# Data extract
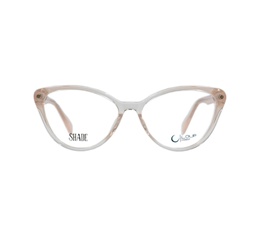 [LPSH 106C3] Lentes Clip On Loup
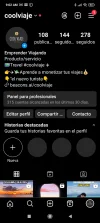 Screenshot_2024-03-02-09-02-23-049_com.instagram.android.webp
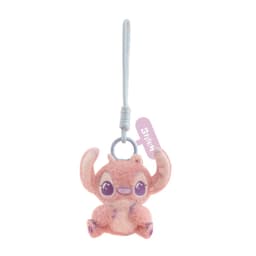 Stitch Mood – Móc khóa thú bông bí ẩn - ảnh 1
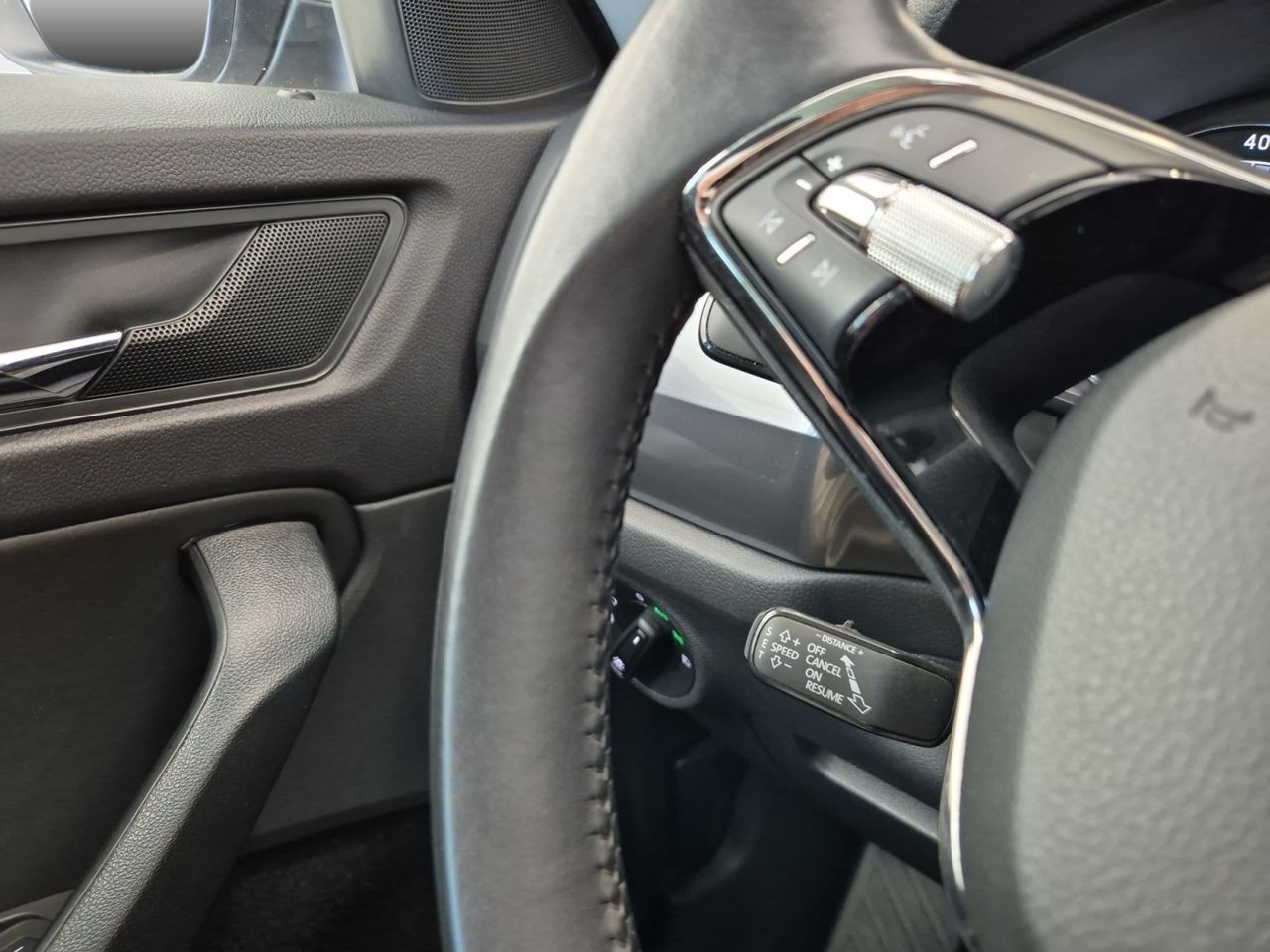 Skoda Kodiaq 1.5 Tsi 150 Cv 4x2 Active - Foto 2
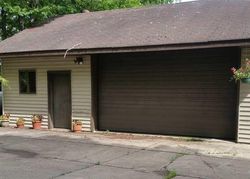 Foreclosure in  BARRS LAKE RD Duluth, MN 55803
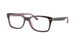 Ray-Ban 5428F Eyeglasses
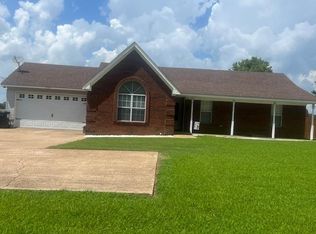 2938 Simmons Rd, Drummonds, TN 38023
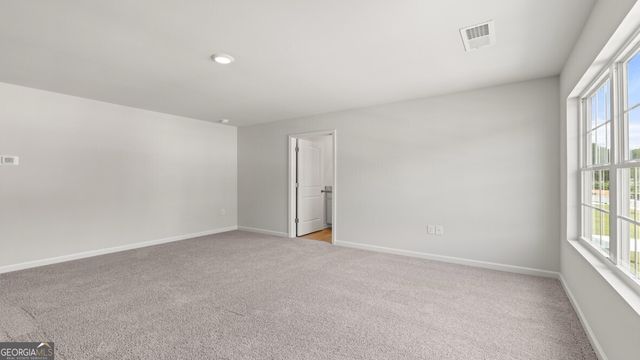 101 Glenrise Drive, Dallas, GA 30157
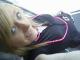 esky_barbie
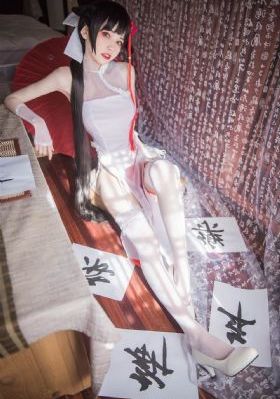 欧美与动物性行为_超清在线观看完整版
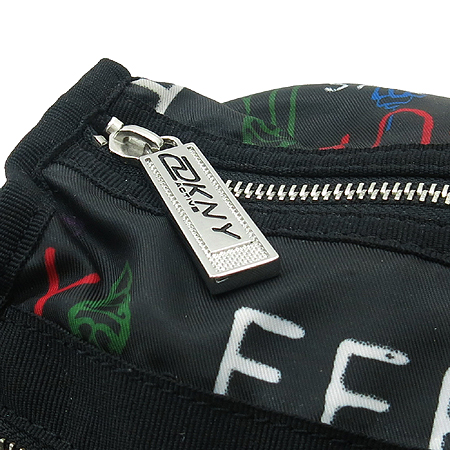 DKNY(����ī��) �к긯 ũ�ν��� �̹���3 - ���̺��� �߰���ǰ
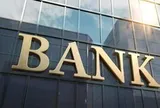 Tuần tới, một ngân hàng lăn chốt trả cổ tức 50% - mức cao nhất ngành trong năm 2026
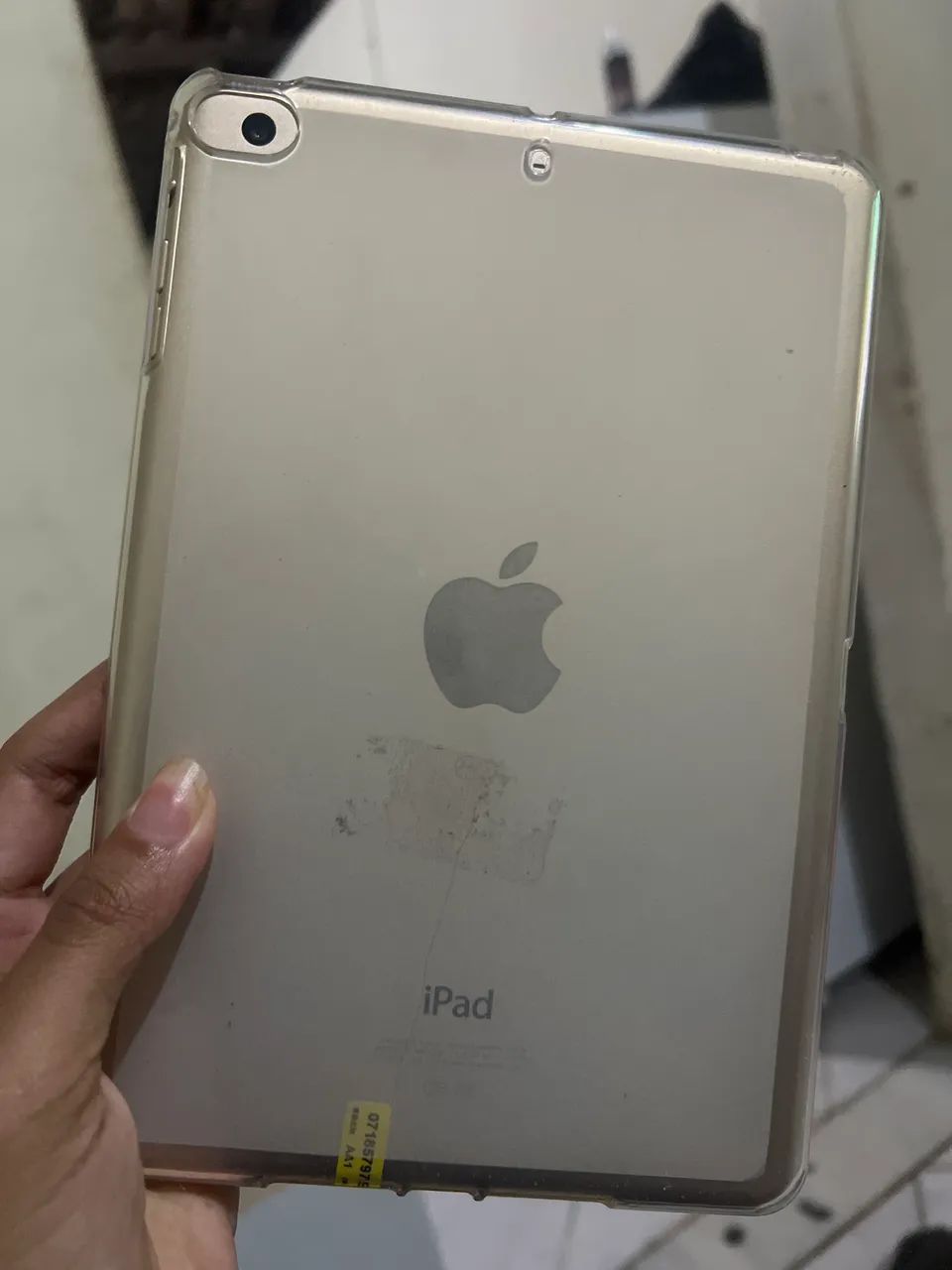 iPad mini 3  - Foto 2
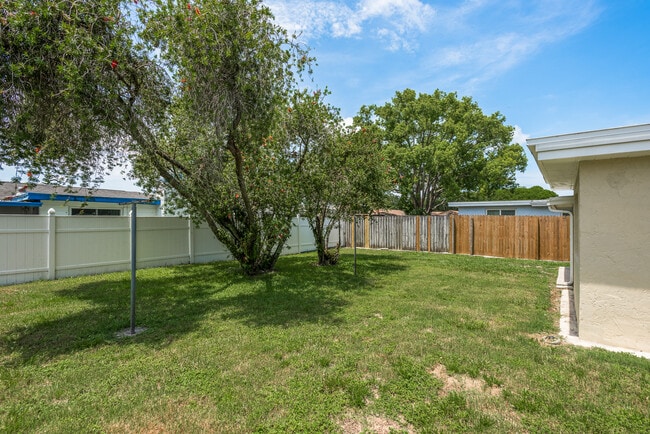 Building Photo - 5646 Festivo Dr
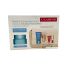 CLARINS HYDRA ESSENTIEL TP 50 ML COFRE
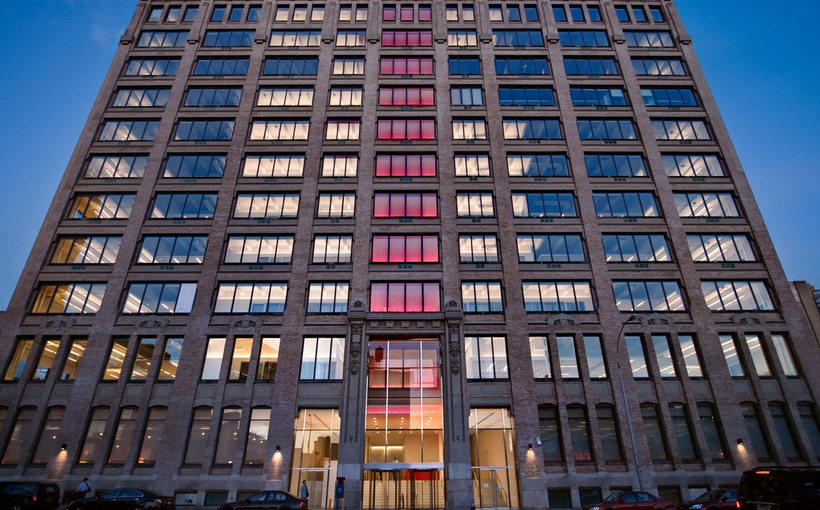 ny_636-Eleventh-Ave.jpg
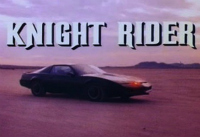 knight-rider-excerpt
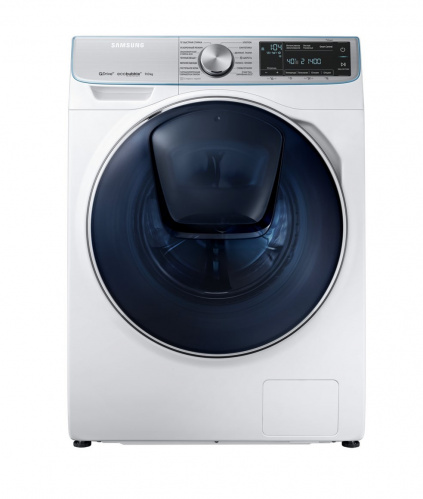 Стиральная машина Samsung WW90M74LNOA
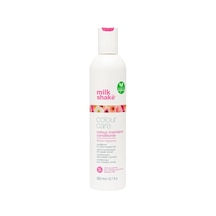 Milk Shake Maintainer Flower Renk Koruyucu Saç Bakım Kremi 300 ML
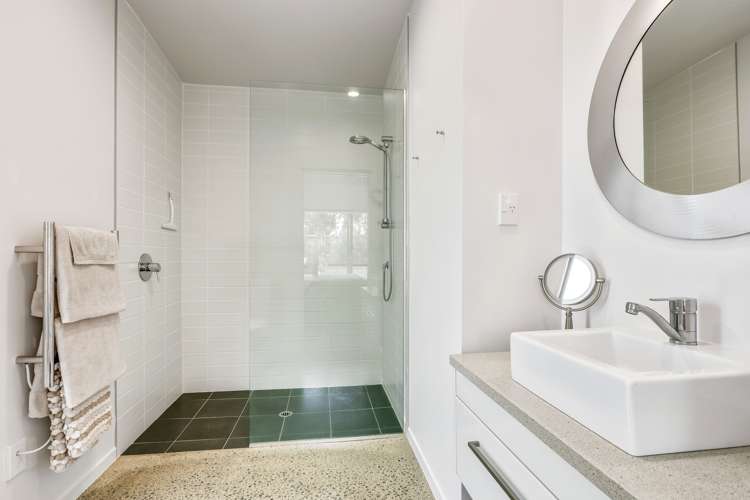 10 Olsen Avenue Mangawhai Heads_14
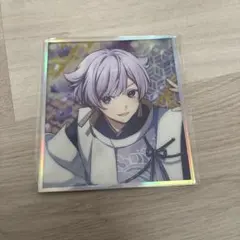 いれいす 初兎 ホログラムカード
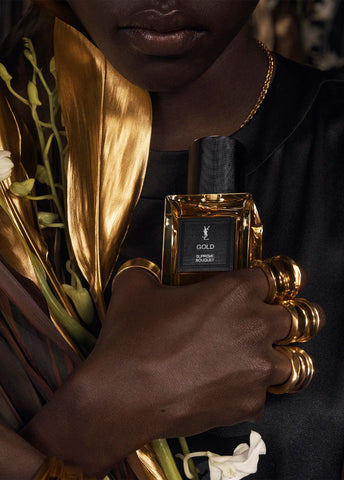 yves-saint-laurent-le-vestiaire-des-parfums-gold-01805-07 image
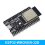 ESP32-DevKitC Core Board ESP32 Udviklingskort til 5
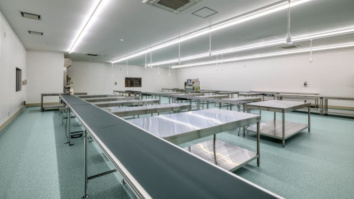 関西梱包株式会社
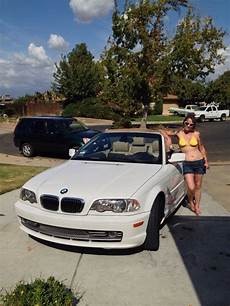 Fresno Chrysler Dodge Jeep by Clovis Chrysler Dodge Jeep Ram Car Dealers Clovis Ca Fresno Chrysler Dodge Jeep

# What this task involves
Retype word for word the span of lines above that begins with the line containing "いれいす 初兎 ホログラムカード" and ends with the last line of the records; skip all pictures.

# Exercise output
 いれいす 初兎 ホログラムカード
 yves-saint-laurent-le-vestiaire-des-parfums-gold-01805-07 image
 ESP32-DevKitC Core Board ESP32 Udviklingskort til 5
 関西梱包株式会社
 Fresno Chrysler Dodge Jeep by Clovis Chrysler Dodge Jeep Ram Car Dealers Clovis Ca Fresno Chrysler Dodge Jeep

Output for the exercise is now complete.